One complication in linking the broader literature that has made use of response competition measures to PCE research is that one core aspect of the task design—the presence or absence of feedback—tends to differ across these domains. Indeed, many research domains have employed task versions that do not include explicit feedback (B. A. Eriksen & Eriksen, 1974; Fan et al., 2002; Miyake, 2000). In many cases, whether implicitly or explicitly, this methodological decision may arise from the assumption that behavior is more stable in the absence of additional signals from the environment (i.e., it could reduce the extent to which participants learn via simple experience with the task itself). In contrast, PCE effects have most commonly been observed in situations where participants are provided with informative feedback (i.e., regarding response time, accuracy, or both; Gratton et al., 1992; Schmidt & Weissman, 2014; Wenke, De Houwer, De Winne, & Liefooghe, 2015). Even when comparing explicit instruction-based learning to lower-level statistical learning, Wenke et al. (2015) included feedback in all experimental conditions. While PCE effects have been occasionally reported in the absence of explicit feedback (e.g., Logan & Zbrodoff, 1979), a time-evolving account of these attentional modulations has not been investigated.

Interactions between feedback and learning or adaptation in the PCE may have one of several consequences. Depending on the role of feedback regarding response times in attentional modulations, feedback may either increase learning and thus differences between conditions (i.e., by strengthening the signals participants use to alter their performance; Seitz & Dinse, 2007) or decrease learning (and differences between conditions; i.e., by providing an alternative stimulus, other than the target, that decreases the influences of response compatibility stimuli on attentional allocation). As such, independent tests of learning may provide clarity regarding the role of feedback in enhancing or inhibiting adaptive attentional modulations.

Here, we examined several issues regarding the possible time-evolving nature of flanker effects and the PCE. First, because arrow-based flanker tasks are very common in the broader literature on attentional control (Bailey et al., 2016; Davelaar & Stevens, 2009; Fan et al., 2002; Rueda et al., 2005; Sidarus, Palminteri, & Chambon, 2019), while PCE effects have typically been primarily investigated in Stroop-like or Simon-like tasks, we first further confirmed that the canonical PCE was observed in participants’ initial block of an arrow-flanker task (with different participants receiving 20%, 50%, or 80% of compatible trials in this first block). Tasks utilizing arrows are an interesting testbed in this case as the stimulus–response mappings are likely largely already in place when individuals come to the lab (i.e., the mapping between a leftward facing arrow and the left arrow key on a keyboard is likely very natural for young adults in the United States), leaving the biased task statistics (more or less compatible/incompatible distractor trials) the main to-be-learned aspect of the task.
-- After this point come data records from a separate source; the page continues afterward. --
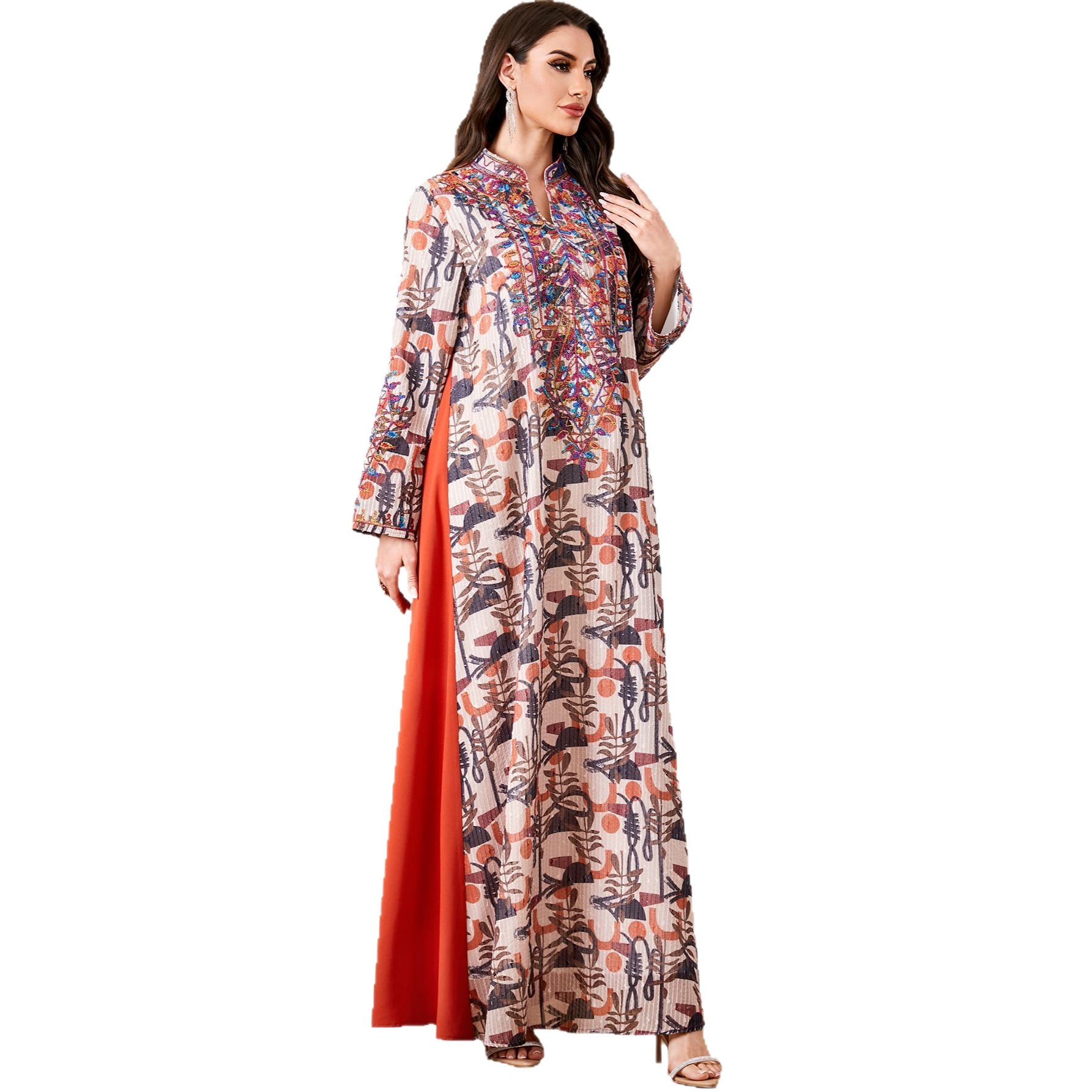 Orange Embroidered Robe Maxi Dress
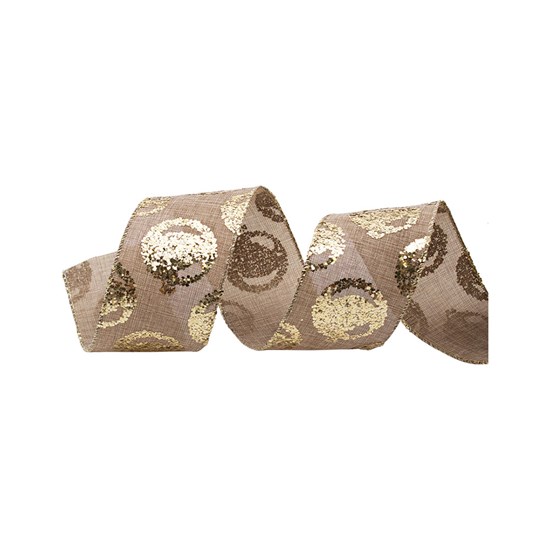 Imagem FITA NATALINA NATURAL COM DOURADO 6,3CM 48167 GRILLO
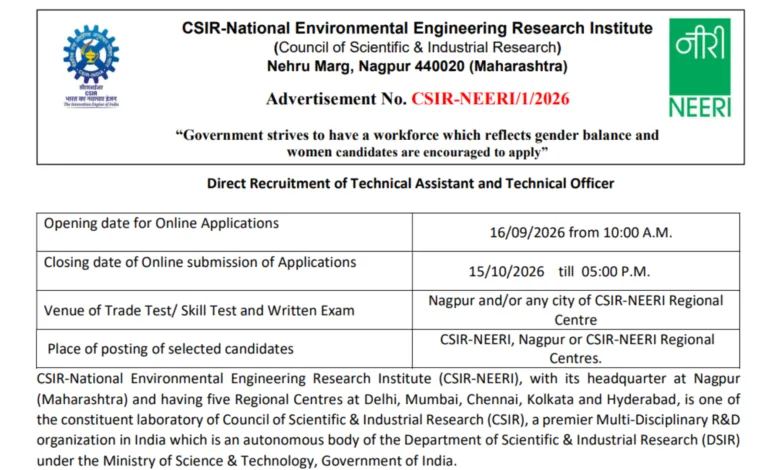 CSIR NEERI Recruitment 2026 Notification Released for Technical Assistant & Technical Officer Posts, Apply Online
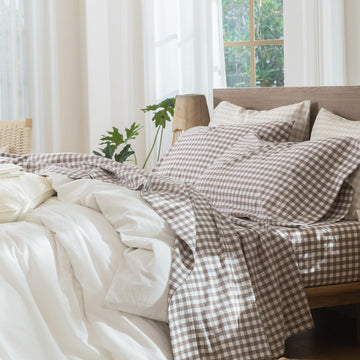 Gingham Sheet Set 100% Washed Cotton Lived-in Deep Pocket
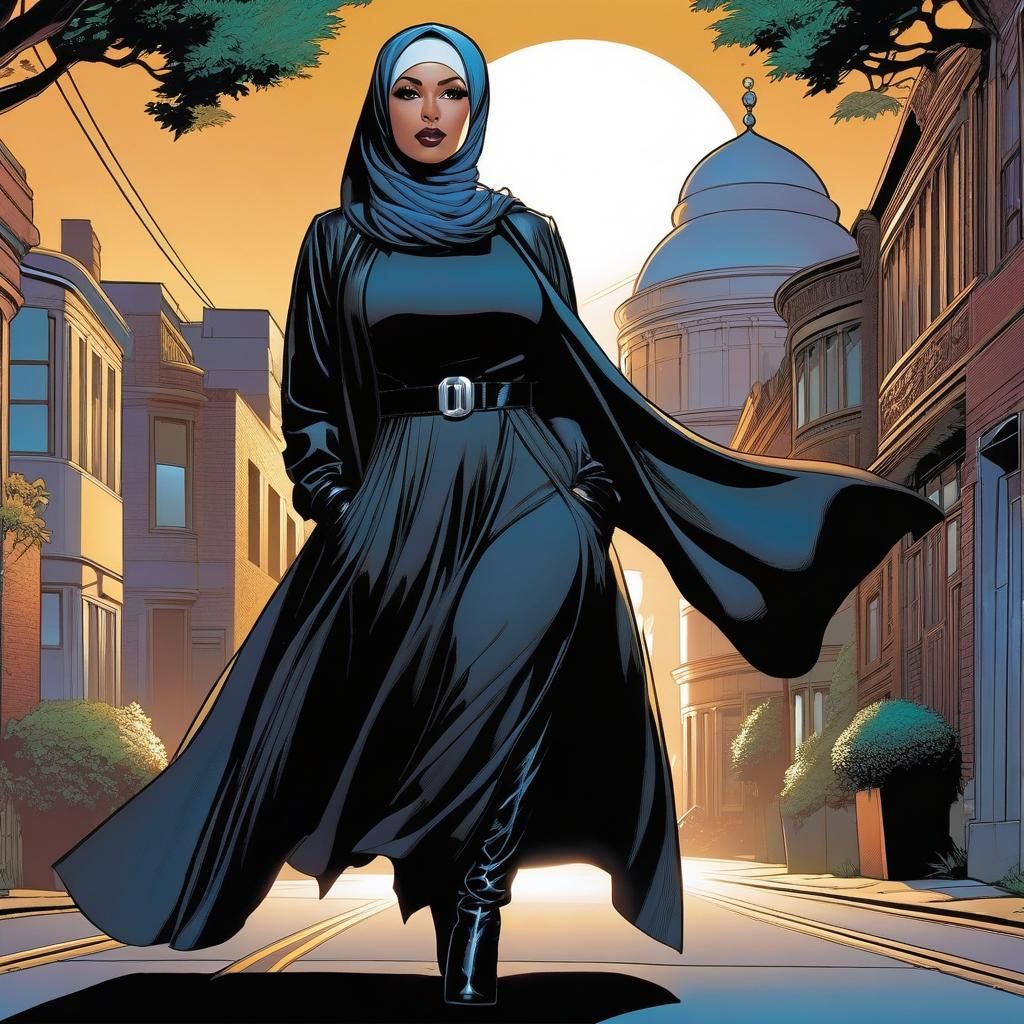 Confident Hijabi Woman in Comic Book Art Style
Second, by modeling RT change as a function of time, we examined whether we could find explicit evidence of the PCE emerging within this first block of trials. Then, by having participants complete a second block of the flanker task with a different proportion of compatible trials than they had experienced during their first block, we assessed whether, after controlling for the second block’s proportion compatible, the change in RTs evident in the second block is systematically related to the first block’s proportion compatible (i.e., whether there is carryover). Such a manipulation extends the work of Abrahamse et al. (2013), by examining the possibility of block-to-block carryover at a much finer time scale (as well as in a different task; arrow-based flanker as opposed to Stroop). In this vein, we also examined the extent to which purely local (i.e., trial-to-trial) interactions, rather than long-range (i.e., over the course of full blocks of trials) could explain the RT differences. Finally, given that the PCE is inherently a manifestation of experience, and that the presence/absence of feedback is likely to modulate the impact of long-term experience (e.g., learning), in Experiment 1 we investigated the issues above in the context of the methodological approach (no feedback) that is perhaps more common in broader attention and cognition research. In Experiment 2 we then included feedback into our design to more closely align with typical studies of the PCE.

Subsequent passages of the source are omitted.